*About this exercise:*
Within the records below, find the line with "Antique Style Compass Rose Napkin (Front)" and the line with "Wood snowman christmas tree", then reproduce exactly those two lines and all lines between them, without any picture.
Dataset records section start
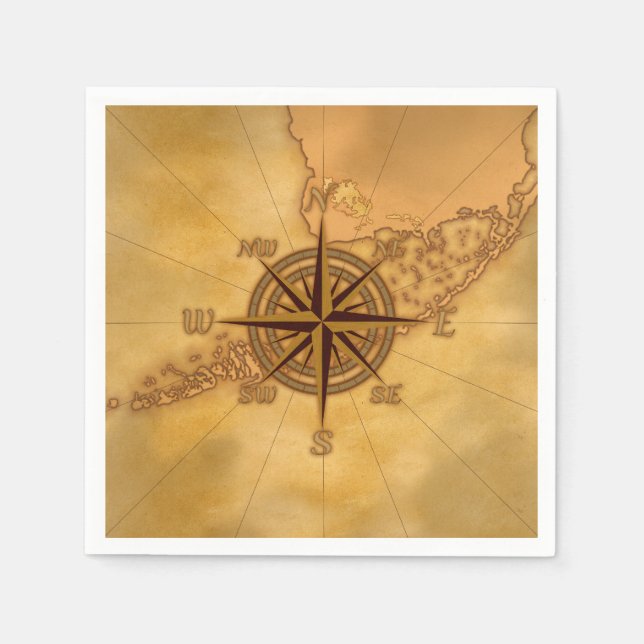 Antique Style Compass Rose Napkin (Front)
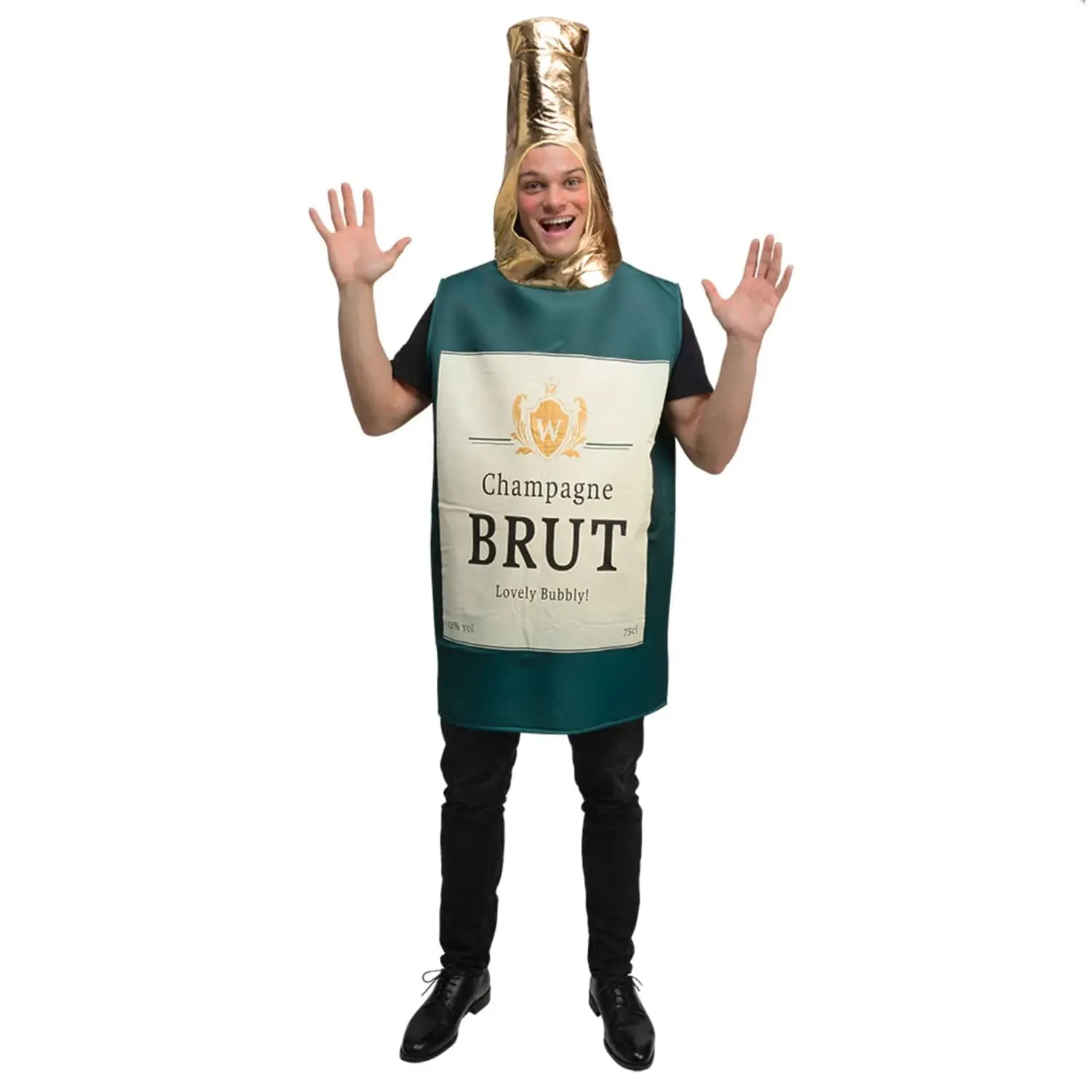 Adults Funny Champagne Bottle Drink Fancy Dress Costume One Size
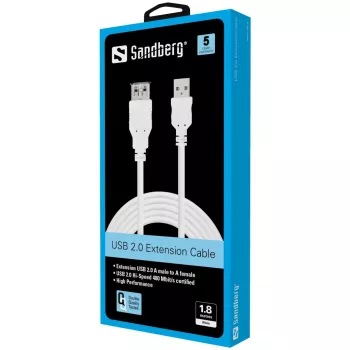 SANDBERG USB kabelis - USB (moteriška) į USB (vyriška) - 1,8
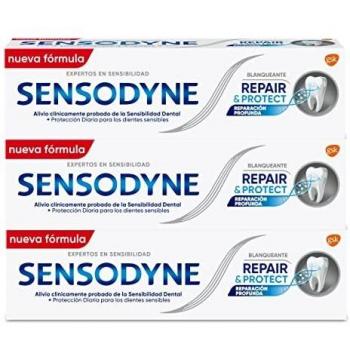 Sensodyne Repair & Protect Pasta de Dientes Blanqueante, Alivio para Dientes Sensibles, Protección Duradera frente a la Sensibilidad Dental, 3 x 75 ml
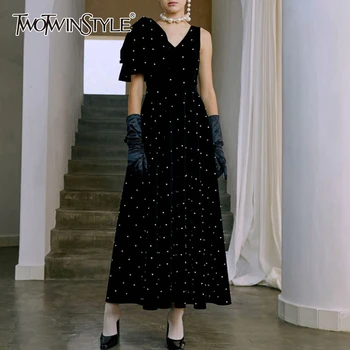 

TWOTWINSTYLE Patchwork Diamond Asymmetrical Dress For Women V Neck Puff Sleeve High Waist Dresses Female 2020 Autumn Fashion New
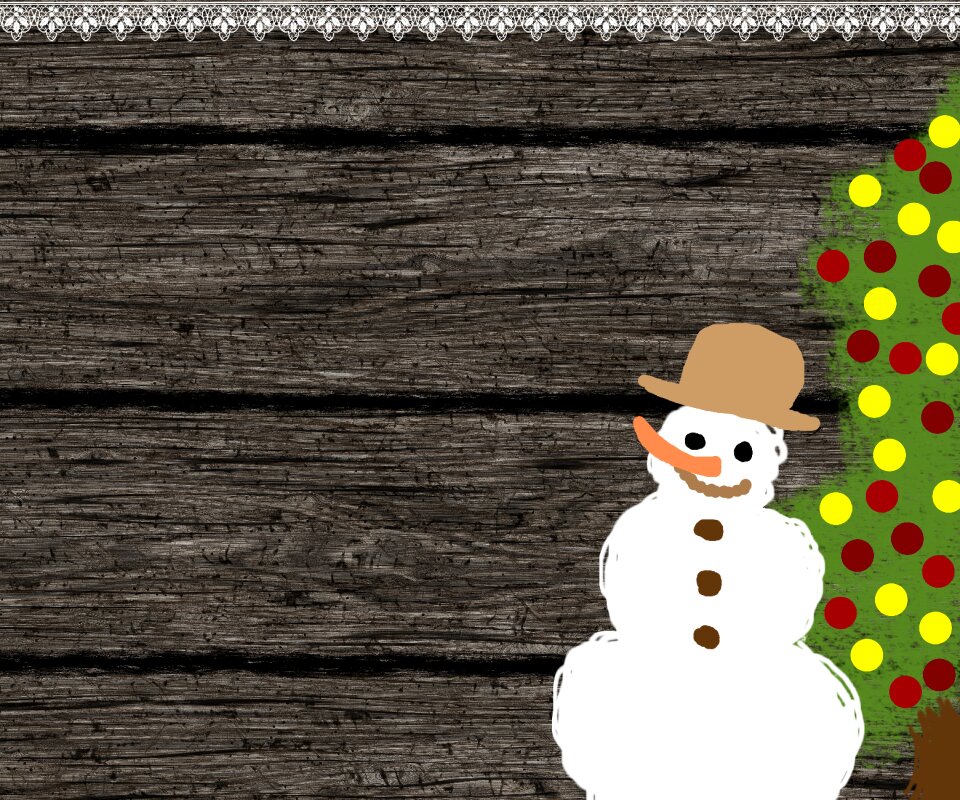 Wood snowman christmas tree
Dataset records section end
Dataset records section start
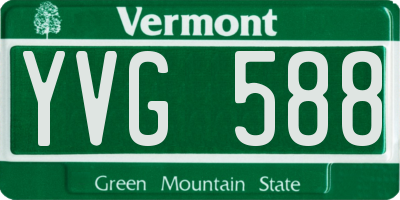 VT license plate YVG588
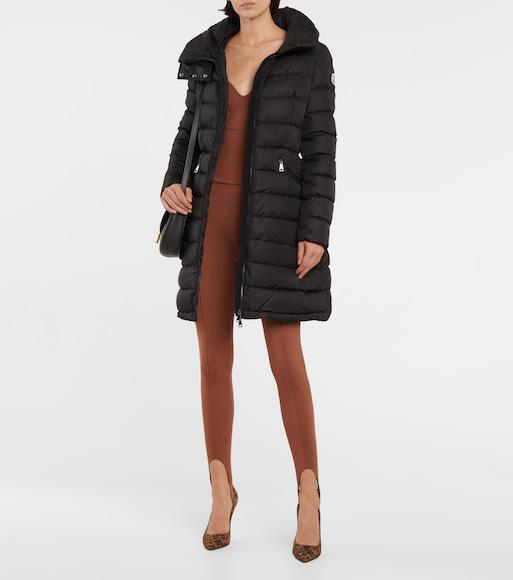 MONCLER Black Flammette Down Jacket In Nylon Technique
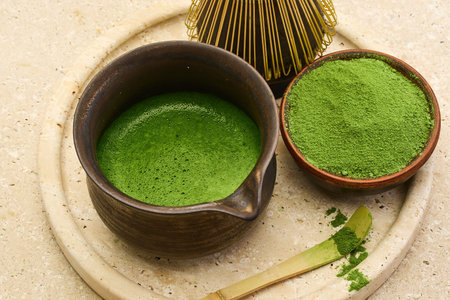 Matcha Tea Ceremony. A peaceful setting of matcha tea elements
Dataset records section end
*Exercise result:*
 Antique Style Compass Rose Napkin (Front)
 Adults Funny Champagne Bottle Drink Fancy Dress Costume One Size
 SANDBERG USB kabelis - USB (moteriška) į USB (vyriška) - 1,8
 Sensodyne Repair & Protect Pasta de Dientes Blanqueante, Alivio para Dientes Sensibles, Protección Duradera frente a la Sensibilidad Dental, 3 x 75 ml

TWOTWINSTYLE Patchwork Diamond Asymmetrical Dress For Women V Neck Puff Sleeve High Waist Dresses Female 2020 Autumn Fashion New
 Wood snowman christmas tree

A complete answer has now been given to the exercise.